An Anthology in Thirty Volumes. 1917.

The Lady’s Lap-Dog

By Giuseppe Parini (1729–1799)

From ‘The Day,’ from ‘Modern Italian Poets’ by William Dean Howells

SHE recalls the day—

Alas, the cruel day!—what time her lap-dog,

Her beauteous lap-dog, darling of the Graces,

Sporting in youthful gayety, impressed

The light mark of her ivory tooth upon

The rude foot of a menial; he, with bold

And sacrilegious toe, flung her away.

Over and over thrice she rolled, and thrice

Rumpled her silken coat, and thrice inhaled

With tender nostril the thick, choking dust.

Then raised imploring cries, and “Help, help, help!”
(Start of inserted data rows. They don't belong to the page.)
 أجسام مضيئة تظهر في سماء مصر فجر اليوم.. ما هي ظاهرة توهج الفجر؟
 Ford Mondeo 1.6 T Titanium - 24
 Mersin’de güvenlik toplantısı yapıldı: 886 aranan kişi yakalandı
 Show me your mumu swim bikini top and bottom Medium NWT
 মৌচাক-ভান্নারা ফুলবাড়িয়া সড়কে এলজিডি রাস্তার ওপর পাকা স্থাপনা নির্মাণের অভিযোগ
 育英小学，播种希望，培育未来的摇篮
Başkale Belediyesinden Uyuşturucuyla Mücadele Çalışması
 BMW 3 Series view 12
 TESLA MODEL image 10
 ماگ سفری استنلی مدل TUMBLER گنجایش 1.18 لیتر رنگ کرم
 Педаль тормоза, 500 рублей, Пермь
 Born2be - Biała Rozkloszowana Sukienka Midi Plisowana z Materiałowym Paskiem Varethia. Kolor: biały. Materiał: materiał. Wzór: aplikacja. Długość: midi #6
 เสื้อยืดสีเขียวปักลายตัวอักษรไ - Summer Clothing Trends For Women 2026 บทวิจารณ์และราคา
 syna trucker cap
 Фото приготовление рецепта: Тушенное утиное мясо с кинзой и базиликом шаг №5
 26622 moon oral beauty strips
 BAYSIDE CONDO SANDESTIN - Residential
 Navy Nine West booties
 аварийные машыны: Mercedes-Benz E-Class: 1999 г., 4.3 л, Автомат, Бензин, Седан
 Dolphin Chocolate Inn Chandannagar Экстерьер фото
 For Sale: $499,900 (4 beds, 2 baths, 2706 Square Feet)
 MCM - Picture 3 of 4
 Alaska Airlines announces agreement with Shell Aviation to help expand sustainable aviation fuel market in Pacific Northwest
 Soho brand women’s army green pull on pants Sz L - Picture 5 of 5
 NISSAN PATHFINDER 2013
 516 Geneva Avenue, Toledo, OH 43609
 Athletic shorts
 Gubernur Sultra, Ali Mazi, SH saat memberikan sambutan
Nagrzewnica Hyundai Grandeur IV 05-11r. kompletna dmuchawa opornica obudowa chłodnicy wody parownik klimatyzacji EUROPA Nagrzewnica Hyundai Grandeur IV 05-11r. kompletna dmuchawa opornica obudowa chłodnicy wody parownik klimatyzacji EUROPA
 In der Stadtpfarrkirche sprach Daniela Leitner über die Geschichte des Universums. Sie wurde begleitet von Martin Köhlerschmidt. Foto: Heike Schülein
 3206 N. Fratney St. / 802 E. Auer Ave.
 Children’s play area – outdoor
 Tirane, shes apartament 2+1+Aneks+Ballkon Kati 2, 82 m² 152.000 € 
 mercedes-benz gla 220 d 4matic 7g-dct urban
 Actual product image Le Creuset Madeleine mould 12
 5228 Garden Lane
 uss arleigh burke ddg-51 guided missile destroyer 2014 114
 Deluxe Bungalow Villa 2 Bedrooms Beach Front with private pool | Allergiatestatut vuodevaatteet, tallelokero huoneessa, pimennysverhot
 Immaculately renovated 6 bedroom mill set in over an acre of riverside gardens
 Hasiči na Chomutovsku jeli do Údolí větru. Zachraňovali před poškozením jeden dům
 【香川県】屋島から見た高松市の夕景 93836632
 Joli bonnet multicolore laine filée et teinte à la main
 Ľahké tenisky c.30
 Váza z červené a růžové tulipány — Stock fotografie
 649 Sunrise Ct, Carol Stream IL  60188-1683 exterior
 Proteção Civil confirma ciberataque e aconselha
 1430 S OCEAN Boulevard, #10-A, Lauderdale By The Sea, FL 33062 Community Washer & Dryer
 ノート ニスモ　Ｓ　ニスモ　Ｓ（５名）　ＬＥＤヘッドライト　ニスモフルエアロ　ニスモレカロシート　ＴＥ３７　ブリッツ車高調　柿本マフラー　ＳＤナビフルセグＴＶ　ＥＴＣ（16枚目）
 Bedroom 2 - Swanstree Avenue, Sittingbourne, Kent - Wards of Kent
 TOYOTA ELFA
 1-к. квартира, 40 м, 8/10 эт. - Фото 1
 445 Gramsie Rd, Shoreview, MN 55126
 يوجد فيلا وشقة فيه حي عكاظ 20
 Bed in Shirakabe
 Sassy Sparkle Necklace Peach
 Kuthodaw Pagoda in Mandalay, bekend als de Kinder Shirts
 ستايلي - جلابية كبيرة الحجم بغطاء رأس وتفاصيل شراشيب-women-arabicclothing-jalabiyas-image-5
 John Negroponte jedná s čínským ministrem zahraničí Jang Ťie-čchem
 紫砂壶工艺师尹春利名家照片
She seemed to call, while from the gilded vaults

Compassionate Echo answered her again,

And from their cloistral basements in dismay

The servants rushed, and from the upper rooms

The pallid maidens trembling flew: all came.

Thy lady’s face was with reviving essence

Sprinkled, and she awakened from her swoon.

Anger and grief convulsed her still; she cast

A lightning glance upon the guilty menial,

And thrice with languid voice she called her pet,

Who rushed to her embrace and seemed to invoke

Vengeance with her shrill tenor. And revenge

Thou hadst, fair poodle, darling of the Graces.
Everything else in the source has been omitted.